# Task description
Quote all of the entries word for word.

[Stored data]
═══

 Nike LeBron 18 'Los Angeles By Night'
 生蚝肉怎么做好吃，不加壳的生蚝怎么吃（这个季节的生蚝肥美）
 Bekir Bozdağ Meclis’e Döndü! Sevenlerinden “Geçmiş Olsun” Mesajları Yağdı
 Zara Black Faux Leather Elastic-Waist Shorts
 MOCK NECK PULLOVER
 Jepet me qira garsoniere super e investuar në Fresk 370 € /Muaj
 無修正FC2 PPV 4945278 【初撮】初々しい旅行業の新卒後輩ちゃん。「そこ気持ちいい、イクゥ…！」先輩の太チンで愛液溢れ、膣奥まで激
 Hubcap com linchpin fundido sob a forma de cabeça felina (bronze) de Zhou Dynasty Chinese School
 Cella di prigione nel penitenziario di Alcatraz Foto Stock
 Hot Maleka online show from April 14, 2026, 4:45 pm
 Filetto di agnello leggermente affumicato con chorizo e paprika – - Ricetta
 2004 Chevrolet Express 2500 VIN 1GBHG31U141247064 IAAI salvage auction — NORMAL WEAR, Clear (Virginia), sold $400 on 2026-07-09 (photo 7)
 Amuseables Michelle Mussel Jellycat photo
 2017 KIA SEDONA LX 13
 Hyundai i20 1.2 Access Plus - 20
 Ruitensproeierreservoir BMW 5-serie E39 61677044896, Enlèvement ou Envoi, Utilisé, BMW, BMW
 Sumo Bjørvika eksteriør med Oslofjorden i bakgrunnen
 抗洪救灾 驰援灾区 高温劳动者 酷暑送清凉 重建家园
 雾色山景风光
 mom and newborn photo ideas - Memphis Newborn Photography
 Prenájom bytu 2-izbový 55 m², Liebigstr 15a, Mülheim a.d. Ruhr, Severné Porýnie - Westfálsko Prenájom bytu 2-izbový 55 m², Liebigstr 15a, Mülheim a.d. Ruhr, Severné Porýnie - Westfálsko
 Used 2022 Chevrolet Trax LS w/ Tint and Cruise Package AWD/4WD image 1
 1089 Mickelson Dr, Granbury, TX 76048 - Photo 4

═══

# Response
 Nike LeBron 18 'Los Angeles By Night'
 生蚝肉怎么做好吃，不加壳的生蚝怎么吃（这个季节的生蚝肥美）
 Bekir Bozdağ Meclis’e Döndü! Sevenlerinden “Geçmiş Olsun” Mesajları Yağdı
 Zara Black Faux Leather Elastic-Waist Shorts
 MOCK NECK PULLOVER
 Jepet me qira garsoniere super e investuar në Fresk 370 € /Muaj
 無修正FC2 PPV 4945278 【初撮】初々しい旅行業の新卒後輩ちゃん。「そこ気持ちいい、イクゥ…！」先輩の太チンで愛液溢れ、膣奥まで激
 Hubcap com linchpin fundido sob a forma de cabeça felina (bronze) de Zhou Dynasty Chinese School
 Cella di prigione nel penitenziario di Alcatraz Foto Stock
 Hot Maleka online show from April 14, 2026, 4:45 pm
 Filetto di agnello leggermente affumicato con chorizo e paprika – - Ricetta
 2004 Chevrolet Express 2500 VIN 1GBHG31U141247064 IAAI salvage auction — NORMAL WEAR, Clear (Virginia), sold $400 on 2026-07-09 (photo 7)
 Amuseables Michelle Mussel Jellycat photo
 2017 KIA SEDONA LX 13
 Hyundai i20 1.2 Access Plus - 20
 Ruitensproeierreservoir BMW 5-serie E39 61677044896, Enlèvement ou Envoi, Utilisé, BMW, BMW
 Sumo Bjørvika eksteriør med Oslofjorden i bakgrunnen
 抗洪救灾 驰援灾区 高温劳动者 酷暑送清凉 重建家园
 雾色山景风光
 mom and newborn photo ideas - Memphis Newborn Photography
 Prenájom bytu 2-izbový 55 m², Liebigstr 15a, Mülheim a.d. Ruhr, Severné Porýnie - Westfálsko Prenájom bytu 2-izbový 55 m², Liebigstr 15a, Mülheim a.d. Ruhr, Severné Porýnie - Westfálsko
 Used 2022 Chevrolet Trax LS w/ Tint and Cruise Package AWD/4WD image 1
 1089 Mickelson Dr, Granbury, TX 76048 - Photo 4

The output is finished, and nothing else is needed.